The Native Eye Was More Penetrating Than
Ours; For The Expression Of Our Men Was, "He Has Drunk The Blood
Of
men - you may see it in his eyes." He made no further difficulty
about Mr. Baldwin; but the week
After we left he inflicted a severe
wound on the head of one of his wives with his rhinoceros-horn club.
She, being of a good family, left him, and we subsequently met her
and another of his wives proceeding up the country.

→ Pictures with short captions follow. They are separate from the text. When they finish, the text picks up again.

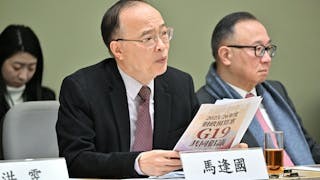立會文化人馬逢國：無心插柳的人生 香港藝文經濟何去何從？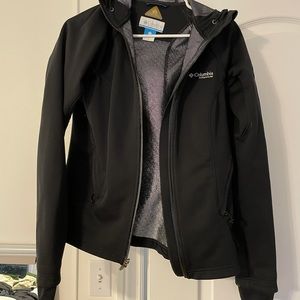 Columbia low temp jacket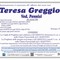 Teresa Greggio ved. Pennisi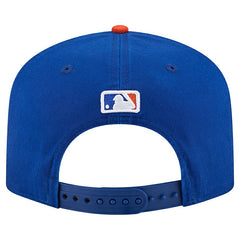 New York Mets New Era Team 19TWENTY Adjustable Hat - Royal - New Era Online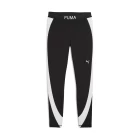 Леггинсы женские PUMA W PUMA STRONG CB TIGHT черного цвета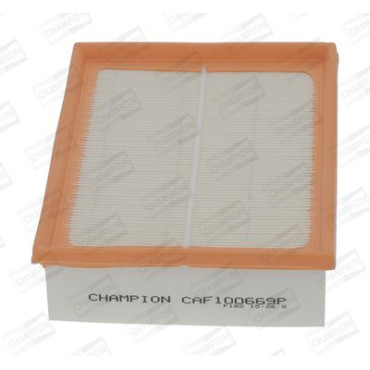 Фільтр забору повітря CHAMPION caf100669p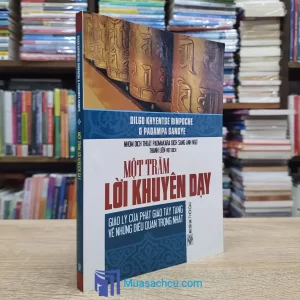 Một Trăm Lời Khuyên Dạy (Sách cũ)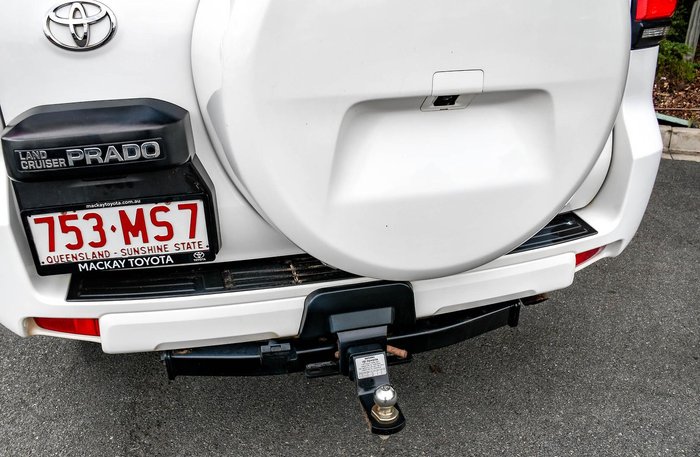 2023 Toyota Landcruiser Prado GX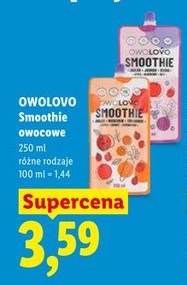 mus owocowy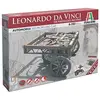 Image de Italeri Leonardo Da Vinci - The Marvellous Machines - Self-Propelling Cart - 3101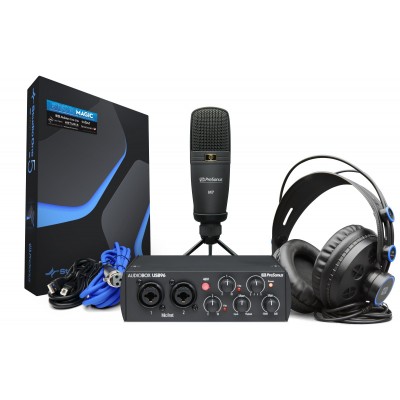 Audiobox USB 96 Studio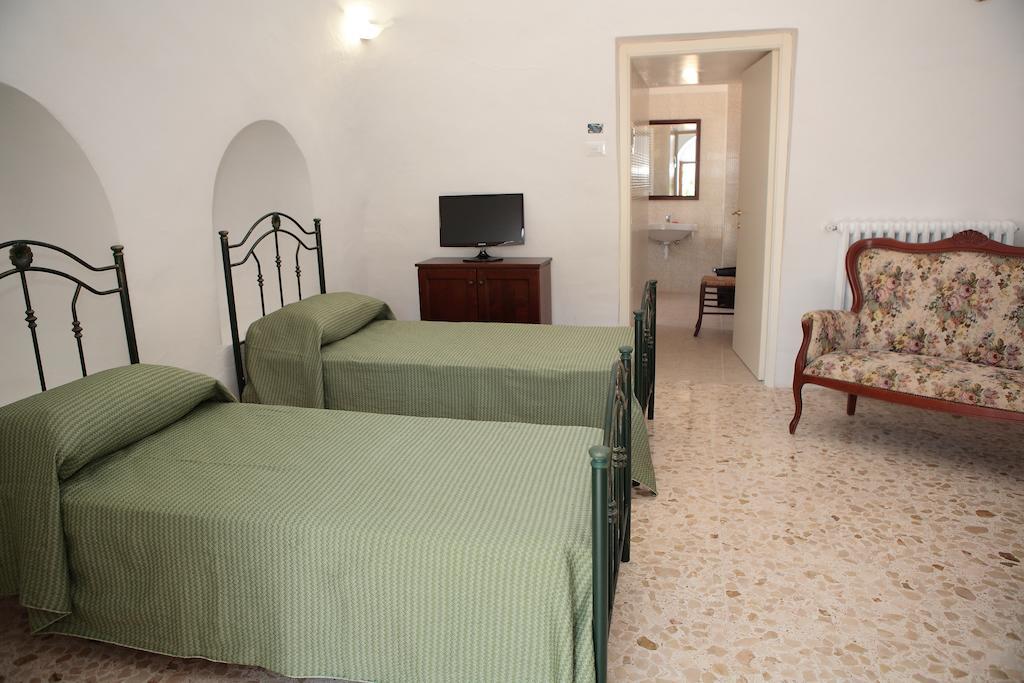 Vila Agriturismo Masseria Casedde Vecchie Martina Franca Pokoj fotografie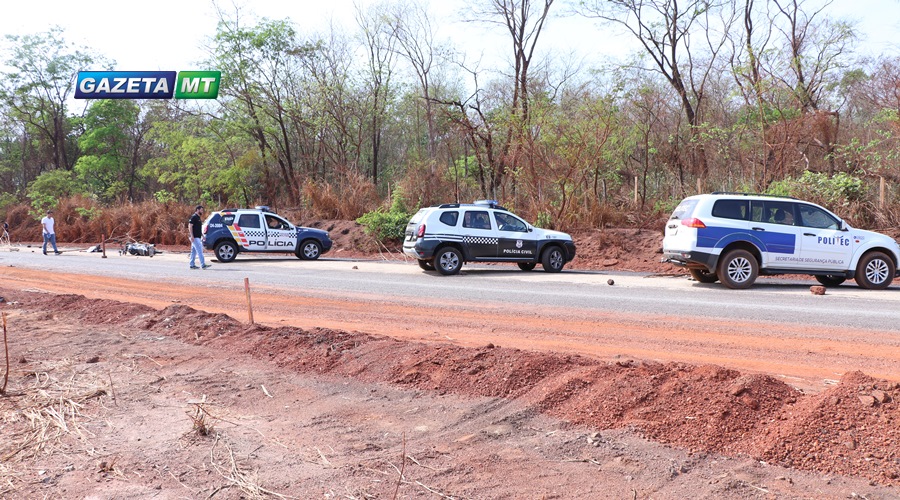 Foto Messias Gazeta MT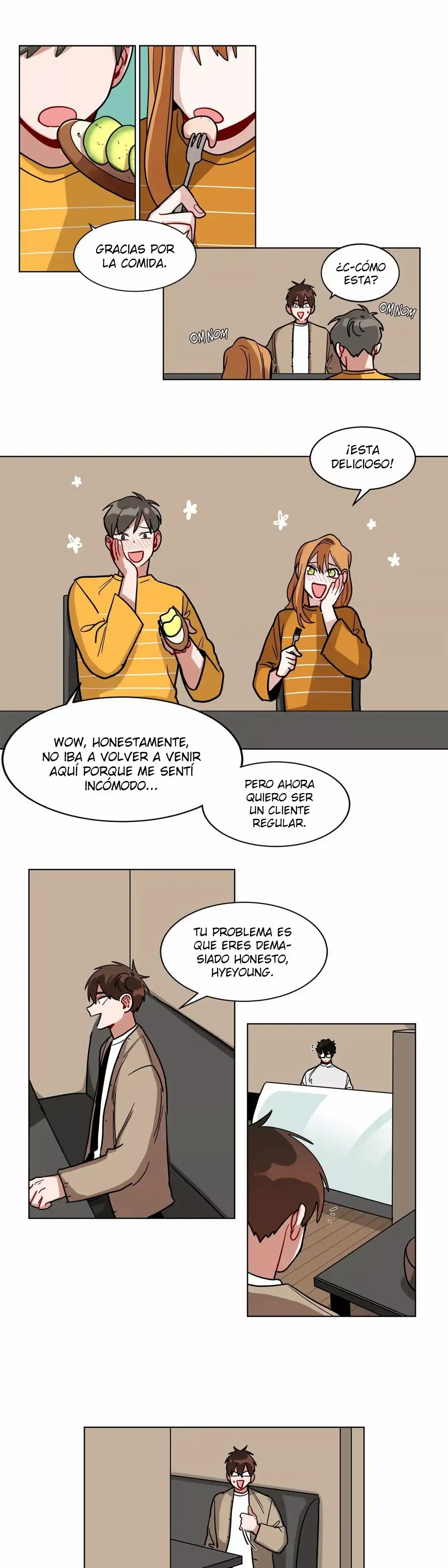 Página 16 — Suhwa Capítulo 76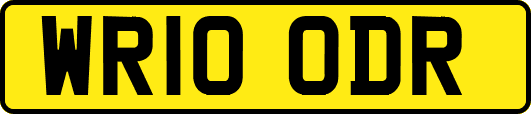 WR10ODR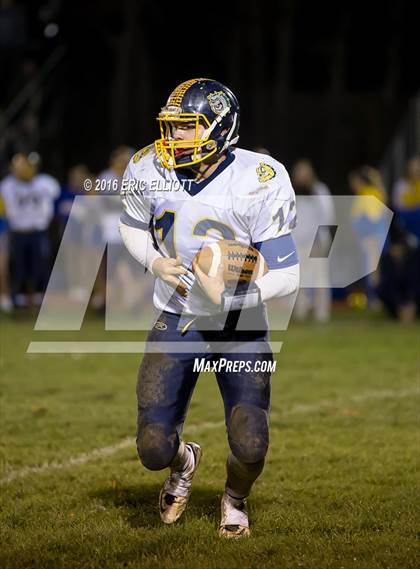 Thumbnail 2 in Otto-Eldred vs Clarion-Limestone (PIAA D9 A Quarterfinal) photogallery.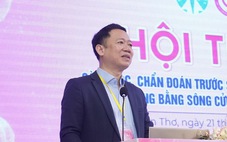 100% trẻ sơ sinh tại Bệnh viện Phụ sản Cần Thơ được sàng lọc bệnh bẩm sinh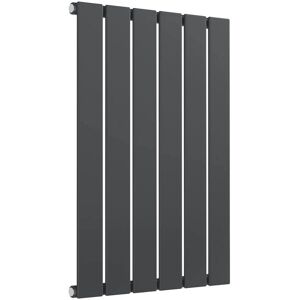 Reina - Reina Flat Designer Horizontal Radiator - 600x440mm Reina - Reina Flat Designer Horizontal Radiator - 600x440mm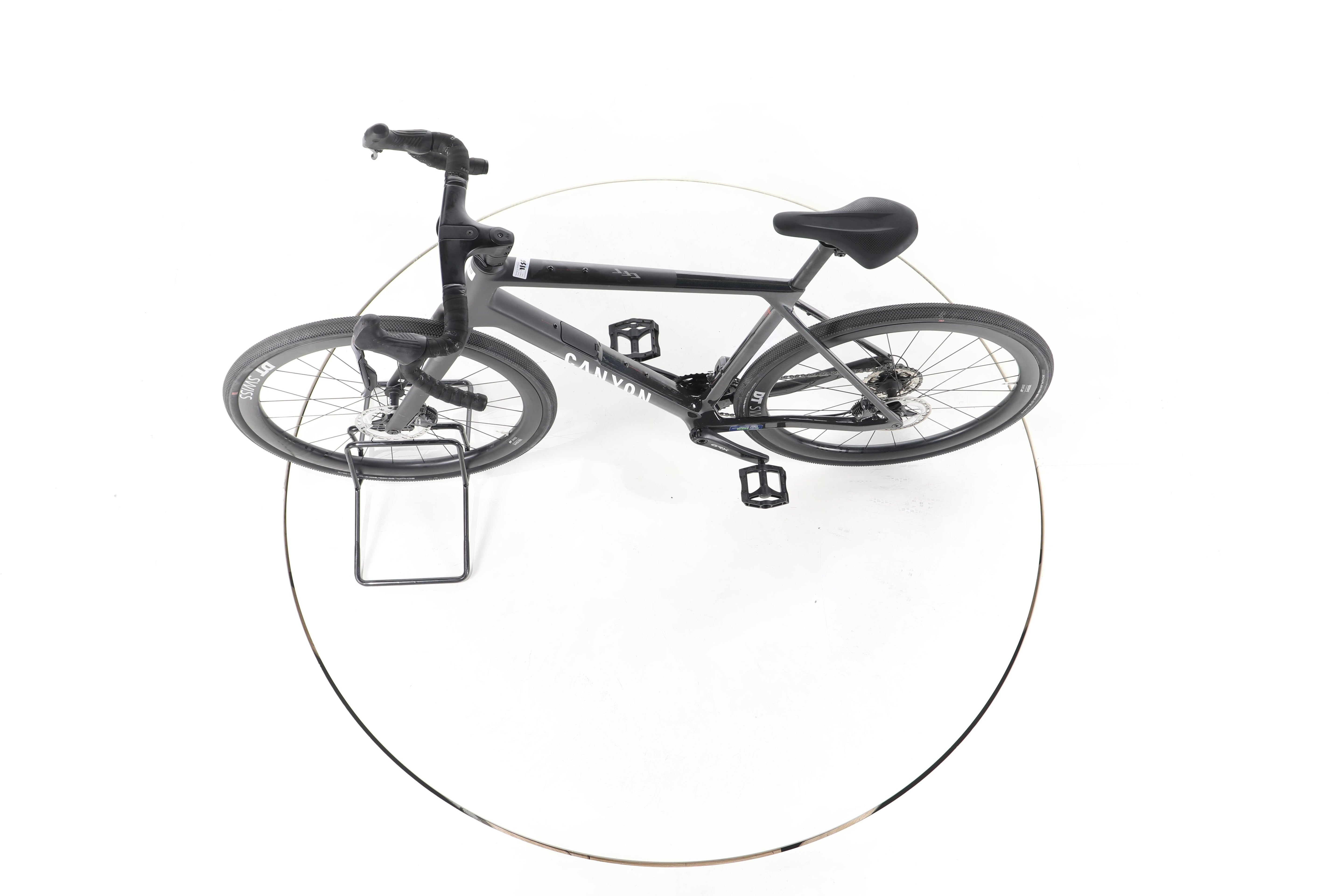 Canyon Grail CFR Di2 Rennrad Carbon - Image 19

The ground is strewn with agates for a number of miles above the
Falls; but the fires, which burn off the grass yearly, have injured
most of those on the surface. Our men were delighted to hear that
they do as well as flints for muskets; and this with the new ideas of
the value of gold (dalama) and malachite, that they had acquired at
Tette, made them conceive that we were not altogether silly in
picking up and looking at stones.
Marching up the river, we crossed the Lekone at its confluence, about
eight miles above the island Kalai, and went on to a village opposite
the Island Chundu. Nambowe, the headman, is one of the Matebele or
Zulus, who have had to flee from the anger of Moselekatse, to take
refuge with the Makololo.
We spent Sunday, the 12th, at the village of Molele, a tall old
Batoka, who was proud of having formerly been a great favourite with
Sebituane. In coming hither we passed through patches of forest
abounding in all sorts of game. The elephants' tusks, placed over
graves, are now allowed to decay, and the skulls, which the former
Batoka stuck on poles to ornament their villages, not being renewed,
now crumble into dust. Here the famine, of which we had heard,
became apparent, Molele's people being employed in digging up the
tsitla root out of the marshes, and cutting out the soft core of the
young palm-trees, for food.
The village, situated on the side of a wooded ridge, commands an
extensive view of a great expanse of meadow and marsh lying along the
bank of the river. On these holmes herds of buffaloes and waterbucks
daily graze in security, as they have in the reedy marshes a refuge
into which they can run on the approach of danger. The pretty little
tianyane or ourebi is abundant further on, and herds of blue
weldebeests or brindled gnus (Katoblepas Gorgon) amused us by their
fantastic capers. They present a much more ferocious aspect than the
lion himself, but are quite timid. We never could, by waving a red
handkerchief, according to the prescription, induce them to venture
near to us. It may therefore be that the red colour excites their
fury only when wounded or hotly pursued. Herds of lechee or lechwe
now enliven the meadows; and they and their younger brother, the
graceful poku, smaller, and of a rounder contour, race together
towards the grassy fens. We venture to call the poku after the late
Major Vardon, a noble-hearted African traveller; but fully anticipate
that some aspiring Nimrod will prefer that his own name should go
down to posterity on the back of this buck.